Agony Aunt Annie offers advice to a husband who doesn’t understand why his wife – who is at home all day – doesn’t give him time to unwind when he gets home …
Dear Agony Aunt
My wife thinks I don’t love her! She’s crazy. It’s not like I don’t ever say it. And I don’t want to wear out the phrase, so I say it when it’s meaningful.
More importantly, I do things for her to show her I love her – even when I don’t feel like it! I make her coffee in the morning and tea in the evening. I buy her the occasional little gift – something I’m pretty sure she likes.
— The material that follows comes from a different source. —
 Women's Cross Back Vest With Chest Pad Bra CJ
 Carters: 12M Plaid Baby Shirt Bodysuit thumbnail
She accused me of not caring about her one evening when I got home from work, because I went straight to my study after saying ‘Hi’. I think she was trying to show me something… or something. Or maybe my daughter was.
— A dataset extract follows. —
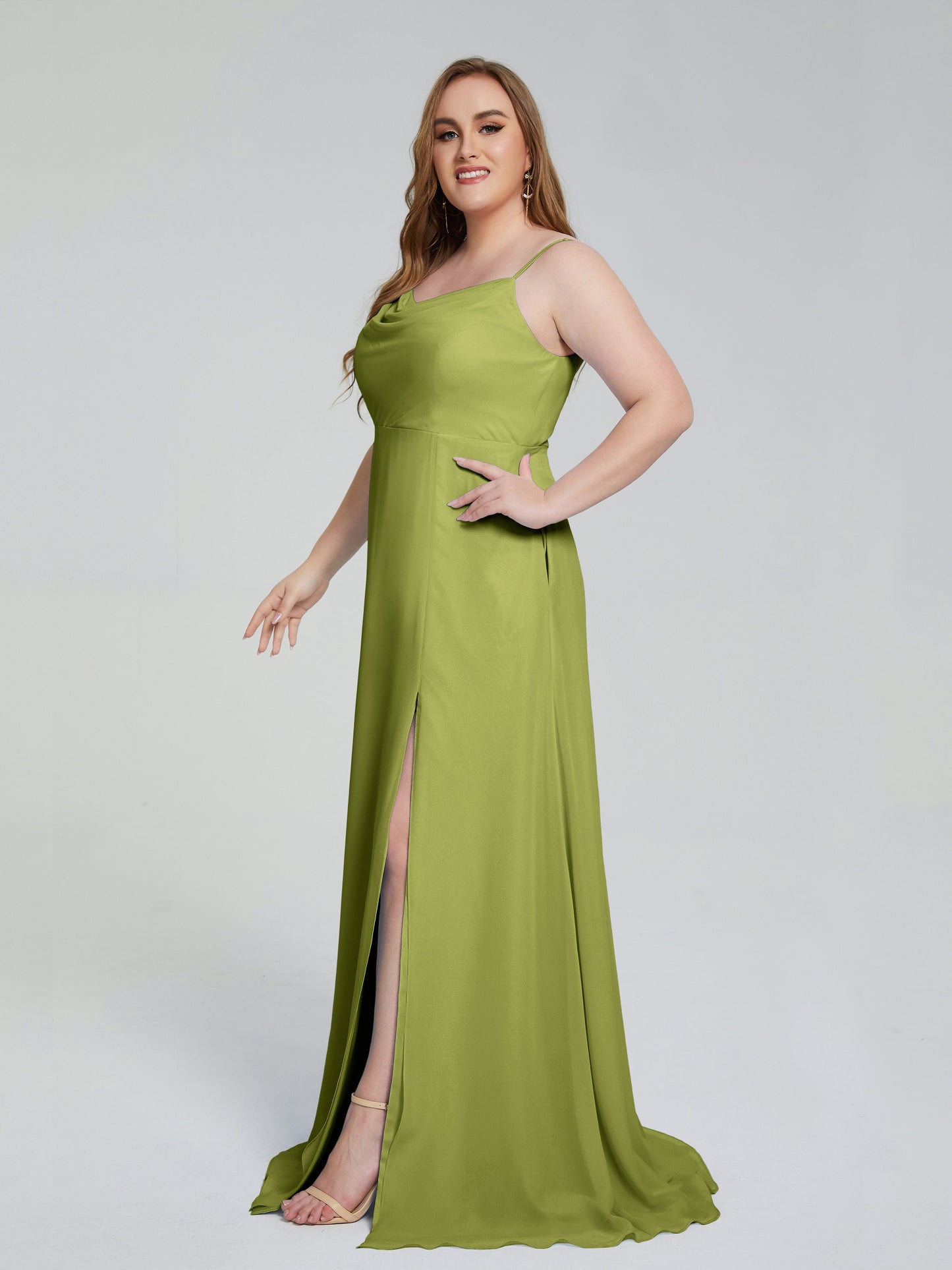 Rachel Sleeveless Split Plus Size Long Bridesmaid Dresses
Anyway, can’t she give me half an hour to unwind?
I mean, doesn’t she understand how stressful it is out there? She’s all comfy cosy at home with our little girl. The other baby isn’t even born yet, so it’s not like she’s super busy.
I don’t know. Maybe her hormones are playing up, or maybe the maid’s been off sick or something.
Can you help?
From Stressed Breadwinner
Dear Stressed Breadwinner
Thank you for taking the time to write this letter. Hopefully you wife has already served your home-cooked meal and is washing the dishes and cleaning the kitchen. I’m also assuming that she has already bathed and put your toddler to bed.
You’re out working hard all day. I totally get that you need time to unwind. Who needs to hear frivolous woman talk after a hard day? Toddler conversation topics seldom cover world events… Unless pooping on the potty counts, (that is kind of like South African politics) but really, who needs to hear that toilet talk? Maybe she wanted to show you a drawing. You know by now, seen one, seen them all.
What’s with your wife anyway? She probably just lies around all day watching TV series, right? I mean, how hard can it be watching a toddler? You could easily do that, right?
Ok, so they need meals and snacks, seemingly constantly. Easy. Marmite sandwich and you’re good to go. Ahh… No dude, you can’t just cut it any way. Remake. Oops, dog licked that one. Remake. Ok, remember how you cut it the first time? That’s changed now and if you dont get it right, and quickly, the neighbours four doors down are going to call child welfare.
Sandwich sorted. Now throw some juice in the bottle and series binge can begin. No, not that bottle. No not that one either. This one…
Just quickly upturn every bed in the house, look in the kennel, the toy box and the bath toys… Keep going, that lid has to be somewhere.
Ok. All sorted. Oops. Potty call. Come on, that’s the quickest you can get the pants down and potty positioned? Ok, you may want to work on that. I suggest at this point you hit the shower… Wet wipes were not built for that kind of industry-sized leakage.
Easy with that bathroom freshening spray. I know it probably smells like you’re driving through Sewerageville, where you now live, but half a can is excessive.
Cue series… I know you’ve just got past the intro but little darling needs a snack. Might as well start washing that koki off the wall on your way to the kitchen.
Snack sorted and darling settled with her toys.
You will be amazed at how far Marmite actually spreads when you take it from room to room – oops, seems she got hold of it off the counter…
By the time you arrive home to your frazzled wife, she has probably used up her 3 024 toddler words and is probably relishing stringing together a long sentence in the earshot of another adult
Although your wife is spending a lot of energy growing a human being in her body, taking care of your toddler in addition to that, is not her only task. That dinner is not going to buy, peel and cook itself.
By the time you arrive home to your frazzled wife, she has probably used up her 3024 toddler words and is probably relishing stringing together a long sentence in the earshot of another adult.
Listen to what your wife wants: more of you! Is that such bad thing?
Why don’t you clean the kitchen tonight while she soaks in a hot bath and ask her about her day when you take her her tea?
She’s doing a good job taking care of the home and in doing so, freeing you to concentrate on your work. Let her know that you see this.
I suggest you try wearing out that little phrase – let me know if your wife ever grows tired of hearing it!